5. The other decision relied on by the learned counsel for the assessee is the one in Add. CIT v. Chinna Balaiah Chetty and Co. : [1977]106ITR556(AP) . That was a case, where the karta of an HUF was a partner in a partnership firm. In the partnership deed, there was no stipulation as to investment of a capital by any of the partners. The joint family had advanced certain monies to the partnership in which the karta was a partner. In respect of those advances certain interest amounts were paid. The department sought to disallow these payments in the assessment of the firm.
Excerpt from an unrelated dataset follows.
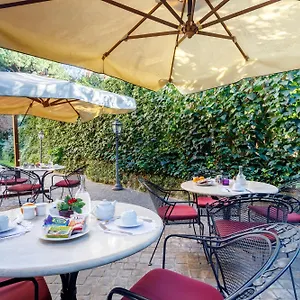 3* Otel Aventino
The court held that since that amount did not represent the interest paid on the capital contribution by the karta or any amount advanced to the partnership by the partners, but it was advanced by the HUF as such, s. 40(b) is not applicable. In other words, though the karta was a partner, the HUF which advanced the money was treated as a separate person and creditor and the interest was paid. That decision also, therefore, is not applicable to the facts of the instant case. The decision in CIT v. Sanka Sankaraiah : [1978]113ITR313(AP) , referred to by the learned counsel for the assessee related to the assessment of an HUF under s. 64. The Andhra Pradesh High Court held that unless the assessee is an individual, s. 64 could not be applied. That decision has no application to the facts in this case.

6. The payment of interest to the said two partners were, therefore, rightly disallowed under s. 40(b). The question is accordingly answered in the affirmative and against the assessee. The revenue will be entitled to its costs. Counsel's fee Rs. 500.